LEMBAGA Nasional Hak Asasi Manusia (LNHAM) menaruh perhatian serius terhadap aksi unjuk rasa di pelbagai wilayah Indonesia.
Sejumlah lembaga dalam LNHAM, seperti Komnas HAM, Komnas Perempuan, Ombudsman RI, Komisi Nasional Disabilitas, LPSK, dan KPAI, menemukan banyak pelanggaran serta dampak serius sejak akhir Agustus 2025.
Ketua Komnas HAM, Anis Hidayah, menyebut pihaknya mencatat 10 orang meninggal dunia dalam gelombang aksi di sejumlah kota.
Di Jakarta, sejak 25–31 Agustus, aparat menahan 1.683 peserta aksi di Polda Metro Jaya, meski sebagian besar sudah keluar.
“Komnas HAM juga mencatat 250 korban luka. Dua orang meninggal dunia, yakni Affan Kurniawan dan Andika Lutfi Falah,” ujarnya dalam siaran pers yang Eranesia.id terima, Kamis (4/9/2025).
Di Bandung, 429 peserta aksi menjalani perawatan medis. Sebanyak 46 orang masuk rumah sakit, dan dua masih menjalani perawatan. Sementara di Solo, sejak 29–31 Agustus, aparat menangkap 89 remaja lalu melepas mereka.

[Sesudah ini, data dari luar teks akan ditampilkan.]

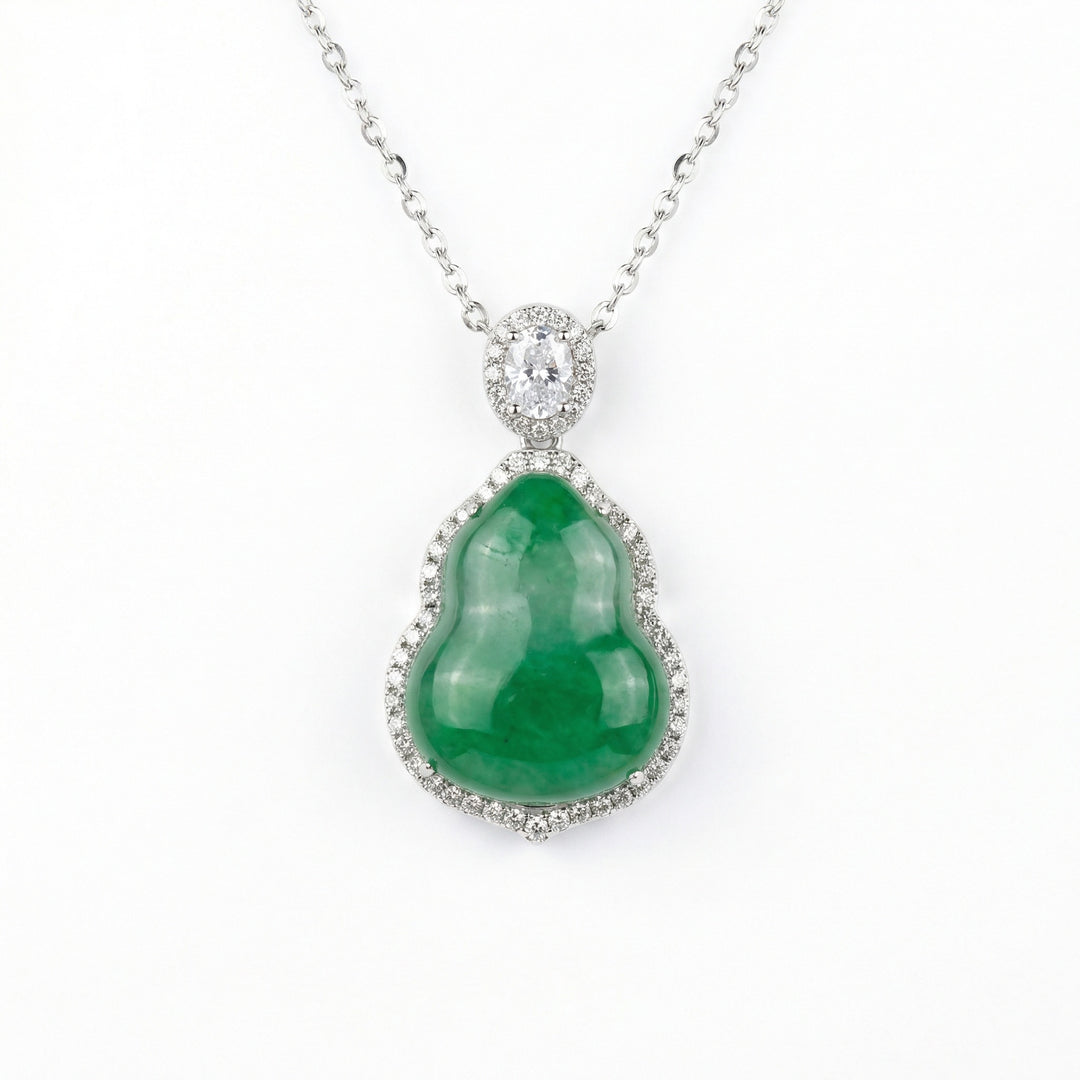 925 Sterling Silver Green Jadeite Hulu Pendant Necklace – Elegant Gemstone Halo Design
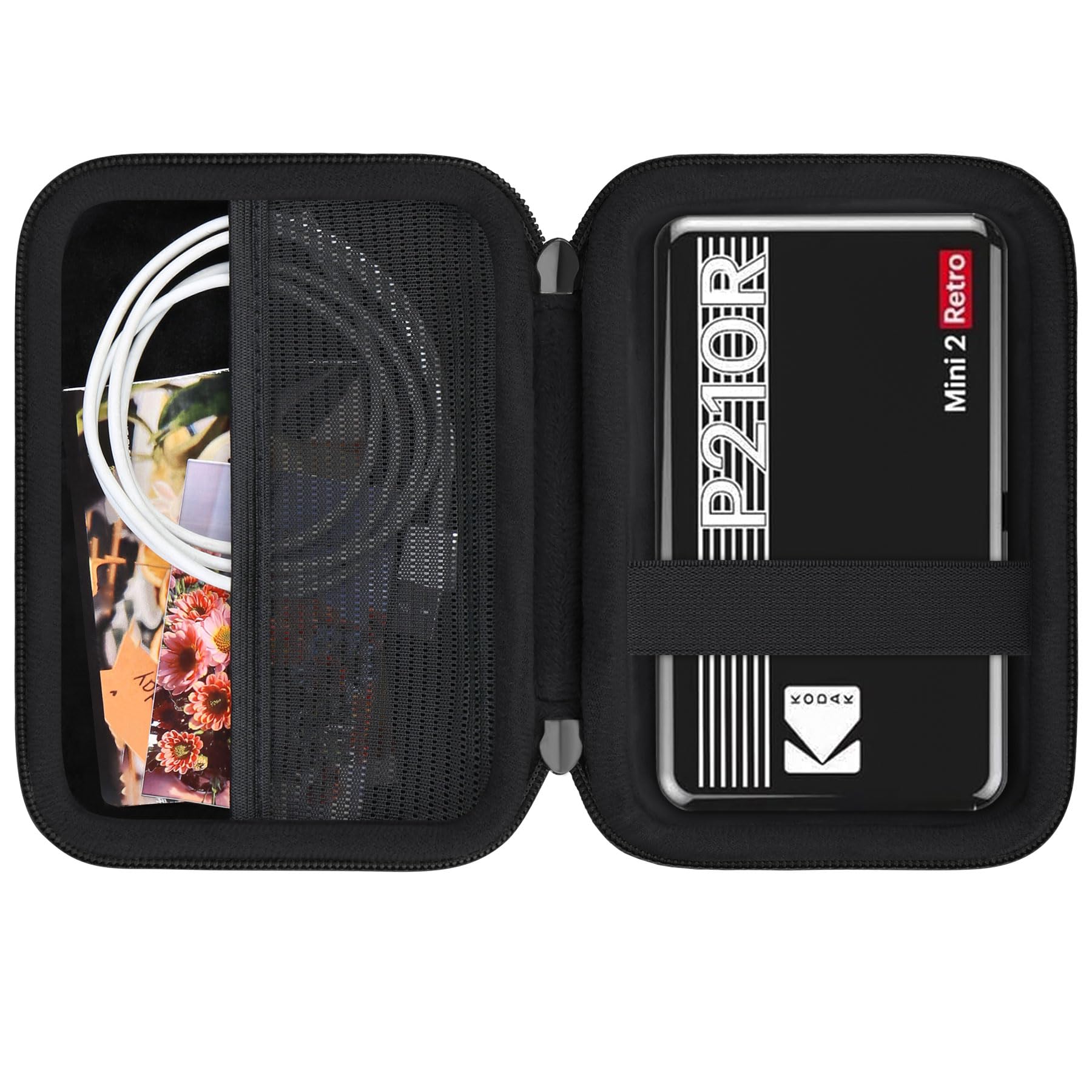 RAIALL Hard Case for KODAK Mini 2 Retro 4PASS Portable Photo Printer, Kodak Mini 2 Retro P210R Instant Digital Camera Travel Storage Holder, Mesh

“Pada 1 September, polisi mengamankan 14 anak yang diduga membawa bom molotov. Saat ini mereka masih menjalani pemeriksaan,” tegas Anis.

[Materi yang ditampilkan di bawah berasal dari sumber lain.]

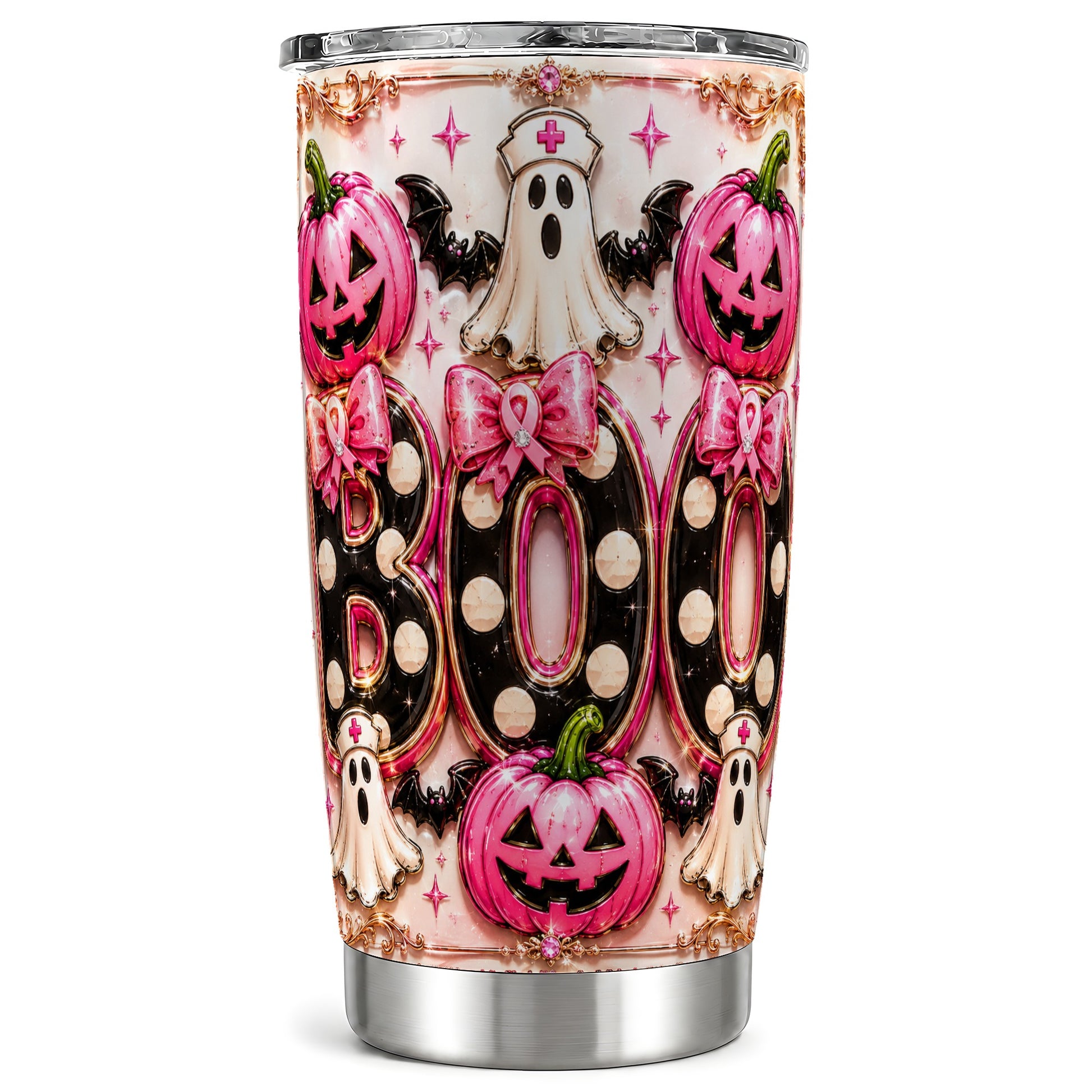 #pl[Steel] Nurse Ghost Tumbler 20oz, Spooky 20oz Tumbler, Stainless Steel Travel Cup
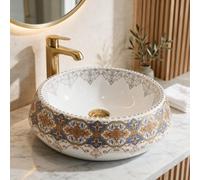 InArt White, Royal Blue and Champagne Gold Countertop Wash Basin, Round Ceramic Vessel Sink for Bathroom Vanity, 46 x 46 x 15 cm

Komnas Perempuan melaporkan selama 25–31 Agustus terdapat 36.117 pemberitaan dari 2.473 media online. Aksi meluas hingga ke 22 wilayah.
Laporan juga menyebut aparat menahan perempuan dan anak perempuan secara sewenang-wenang, melakukan pelecehan seksual, menyebarkan ujaran kebencian berbasis SARA, hingga memanfaatkan hoaks.

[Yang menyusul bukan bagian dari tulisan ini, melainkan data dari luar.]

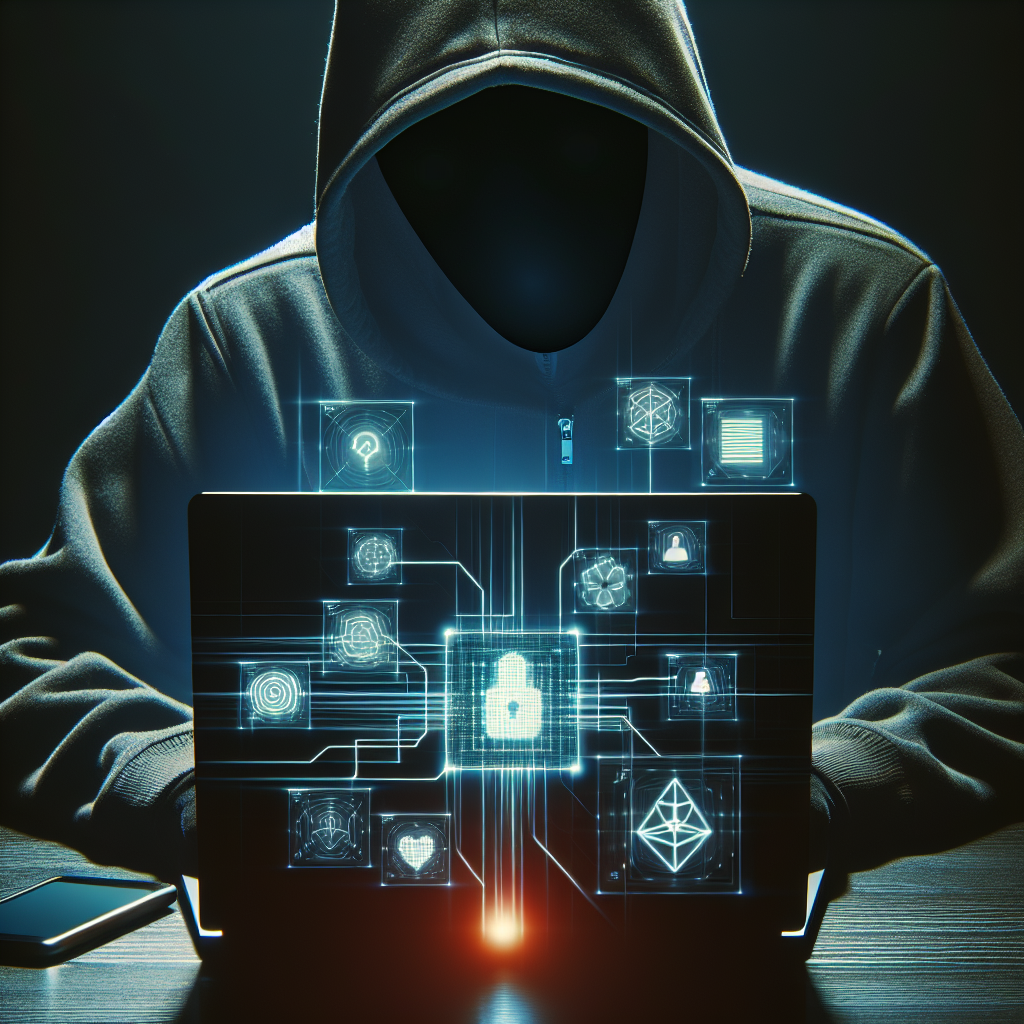 "Illustration of a hacker manipulating configuration files on a computer screen, depicting cyber security vulnerabilities and malicious intent in IT systems."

Komnas Perempuan menilai pemutusan internet dan penyitaan ponsel dari peserta aksi membuat korban sulit mencari bantuan.
Ombudsman RI menyoroti korban yang masih menjalani perawatan tanpa jaminan biaya pengobatan. Komisi Nasional Disabilitas menekankan tingginya risiko kelompok rentan, terutama penyandang disabilitas, saat terjadi bentrokan.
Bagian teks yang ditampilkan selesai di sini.